There are two communication protocols that we can use for socket programming: User Datagram Protocol (UDP) and Transfer Control Protocol (TCP).
The main difference between the two is that UDP is connection-less, meaning there’s no session between the client and the server, while TCP is connection-oriented, meaning an exclusive connection must first be established between the client and server for communication to take place.
This tutorial presents an introduction to sockets programming over TCP/IP networks, and demonstrates how to write client/server applications in Java. UDP isn’t a mainstream protocol, and as such, might not be encountered often.
2. Project Setup
Java provides a collection of classes and interfaces that take care of low-level communication details between the client and server.
These are mostly contained in the java.net package, so we need to make the following import:
import java.net.*;
We also need the java.io package, which gives us input and output streams to write to and read from while communicating:
import java.io.*;
For the sake of simplicity, we’ll run our client and server programs on the same computer. If we were to execute them on different networked computers, the only thing that would change is the IP address. In this case, we’ll use localhost on 127.0.0.1.
3. Simple Example
Let’s get our hands dirty with the most basic of examples involving a client and a server. It’s going to be a two-way communication application where the client greets the server and the server responds.

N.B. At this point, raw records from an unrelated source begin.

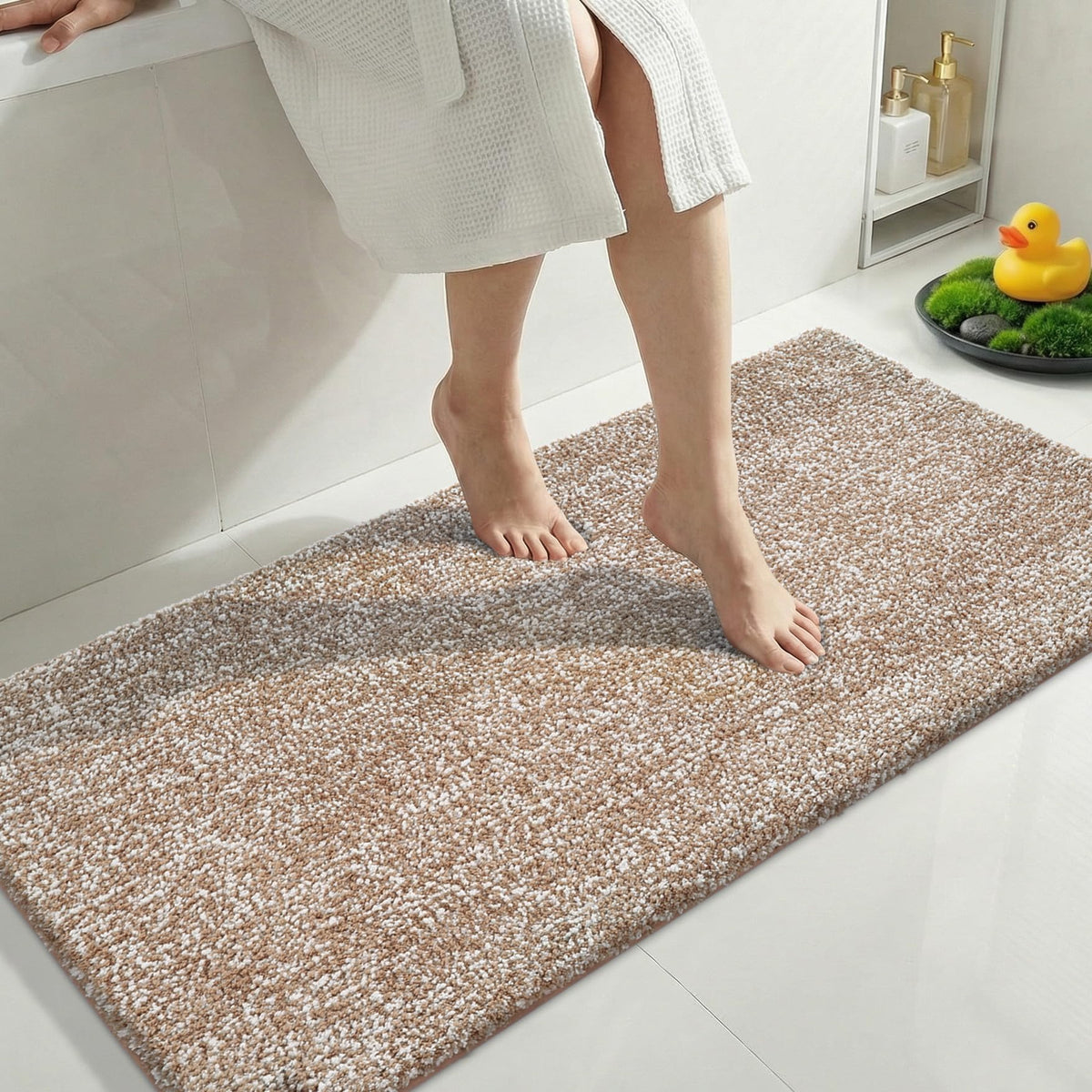 Yimobra Non Slip Machine Washable Bathroom Rug 32x20 Light Blue and White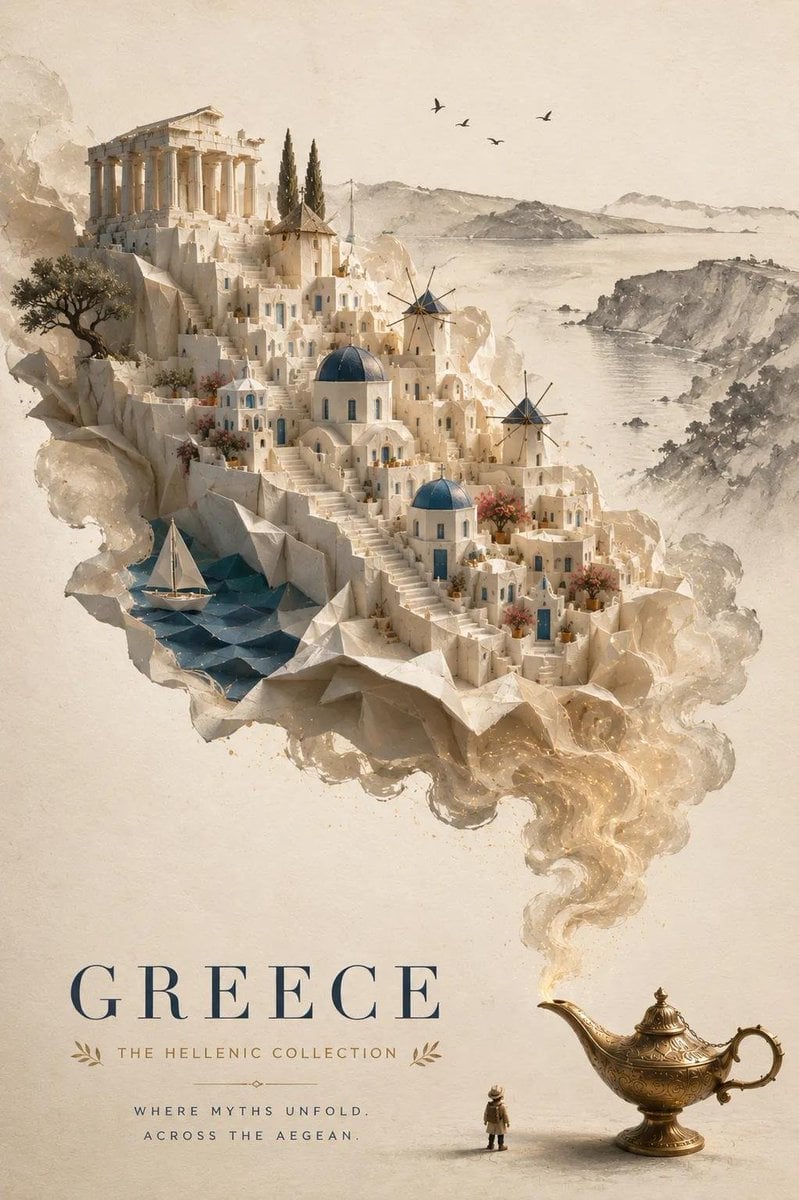 Create an elegant, premium travel poster featuring a magi...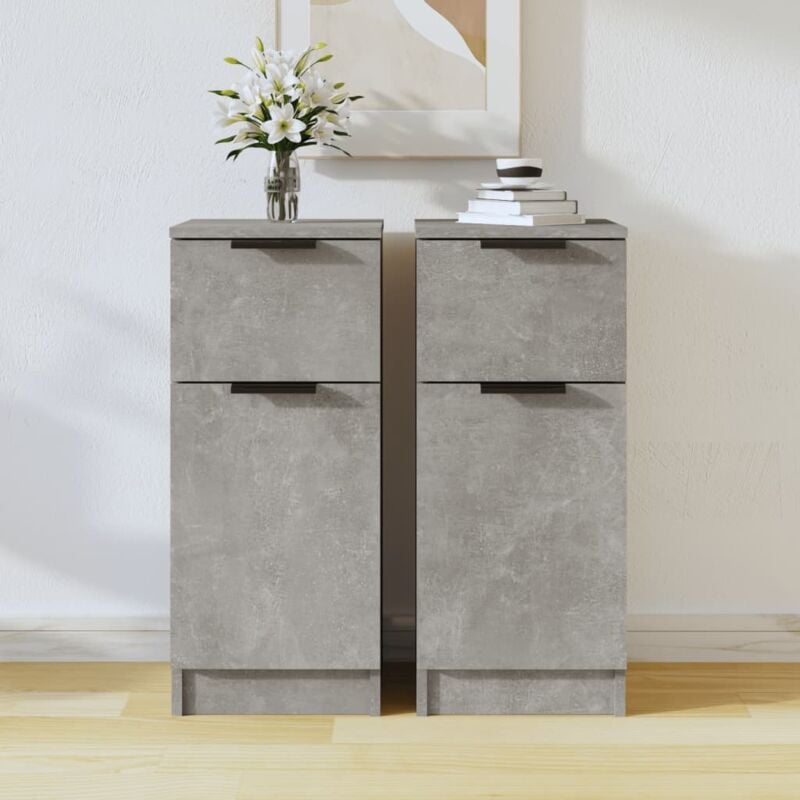 Vidaxl - Buffets 2 pcs Gris béton 30x30x70 cm Bois d'ingénierie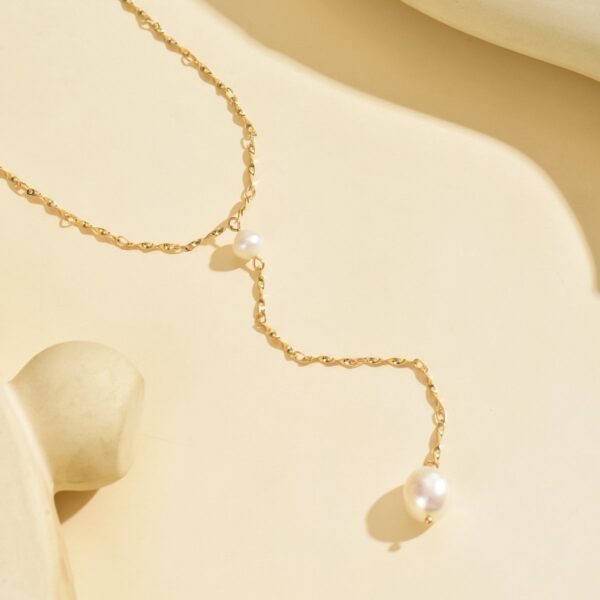 Elegant Gold-Tone Pearl Drop Necklace -  Stylish And Lightweight Jewelry - Image 3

We’ll create the server application in a class called GreetServer.java with the following code.
We’ll include the main method and the global variables to draw attention to how we’ll be running all servers in this article. For the rest of the examples in this article, we’ll omit this kind of repetitive code:
public class GreetServer {
private ServerSocket serverSocket;
private Socket clientSocket;
private PrintWriter out;
private BufferedReader in;
public void start(int port) {
serverSocket = new ServerSocket(port);
clientSocket = serverSocket.accept();
out = new PrintWriter(clientSocket.getOutputStream(), true);
in = new BufferedReader(new InputStreamReader(clientSocket.getInputStream()));
String greeting = in.readLine();
if ("hello server".equals(greeting)) {
out.println("hello client");
}
else {
out.println("unrecognised greeting");
}
}
public void stop() {
in.close();
out.close();
clientSocket.close();
serverSocket.close();
}
public static void main(String[] args) {
GreetServer server=new GreetServer();
server.start(6666);
}
}
We’ll also create a client called GreetClient.java with this code:
public class GreetClient {
private Socket clientSocket;
private PrintWriter out;
private BufferedReader in;
public void startConnection(String ip, int port) {
clientSocket = new Socket(ip, port);
out = new PrintWriter(clientSocket.getOutputStream(), true);
in = new BufferedReader(new InputStreamReader(clientSocket.getInputStream()));
}
public String sendMessage(String msg) {
out.println(msg);
String resp = in.readLine();
return resp;
}
public void stopConnection() {
in.close();
out.close();
clientSocket.close();
}
}
Now let’s start the server. In our IDE, we do this by simply running it as a Java application.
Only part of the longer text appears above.